State Rep. Strom Peterson (D-Edmonds) sponsored the bill and talked to KUOW's Kim Malcolm about lunch shaming and the new law
"It's tough enough being a kid, we think, in the lunchroom, so this is one of those extra steps that I think we can do something to alleviate," he said.
On why some schools use hand stamps when a lunch account is out of funds
This is a way to make sure that the kid remembers to tell the parent. But I think, especially with today's technology, it's a lot easier for the school district to reach out to those parents directly and not get that kid stuck in the middle.
On why lunch shaming happens in schools
This is something they think they need to do to make sure that they're paying for these lunch debts. We all know that schools run really tight budgets. And so some of these lunch debts can start to build up.
Why isn't the free or reduced cost program enough?
I think there are often people that are right on the margins. So it might be that there's a family that they don't qualify for a reduced price lunch, but then maybe the car breaks down, maybe they're sick, maybe they're taking care of a sick relative.
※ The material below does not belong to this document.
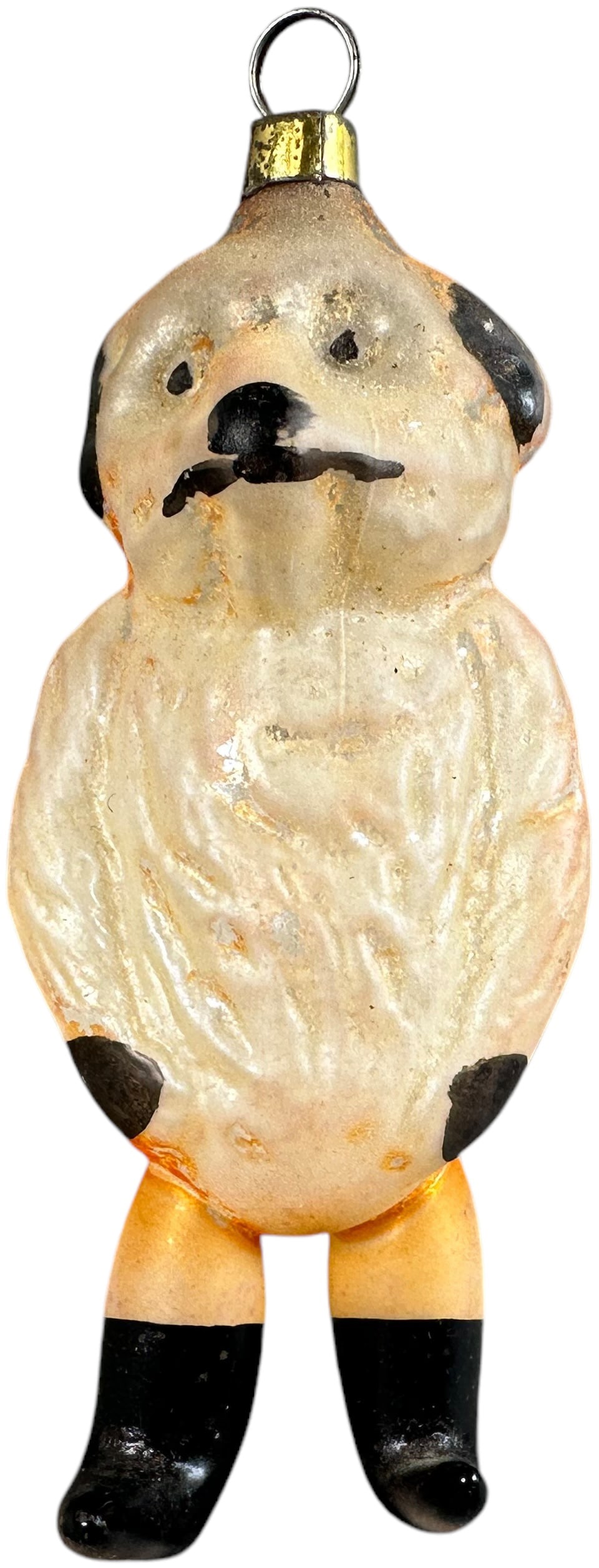 BEAR W/ EXTENDED LEGS GLASS ORNAMENT: 83. BEAR W/ EXTENDED LEGS GLASS ORNAMENT | Great color - brass cap. | 3.75" h. | (Excellent Condition) | $400 - $600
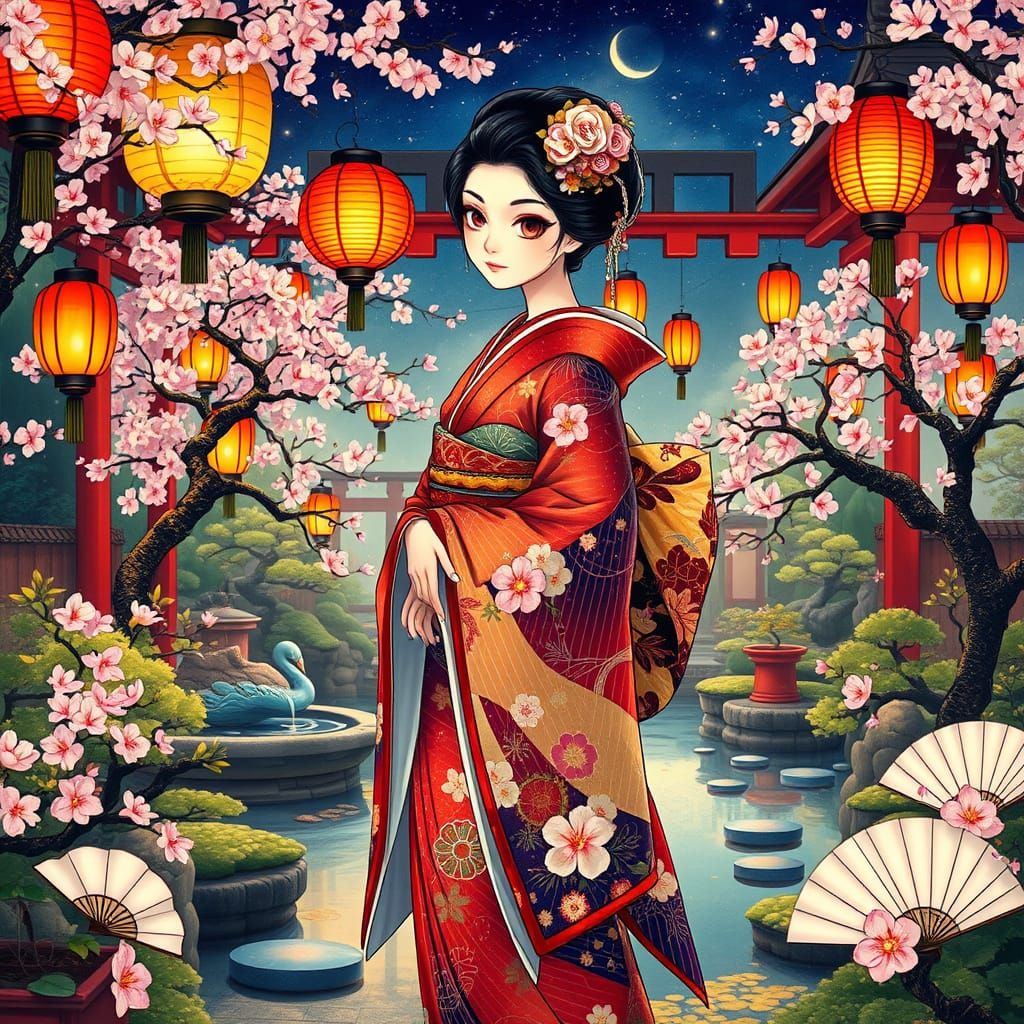 Traditional Japanese Geisha in a Whimsical Garden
So suddenly that income dips down below the line, but they're not familiar enough with the system to go in and fill out the paperwork and do what they need to do. So again this legislation directs the school districts to do that outreach to these families and see if they actually will qualify.
What does the bill do?
You will no longer be allowed to make a student scrape his meal into the garbage and give them an alternate meal. You will not be able to stamp their hand or put a band around their wrist, things like that. You will not be able to have a public conversation with that child.
What it does allow [schools] to do is you can you can send a note home with the child, especially if the child is over 15.
And of course the school can also do more proactive outreach.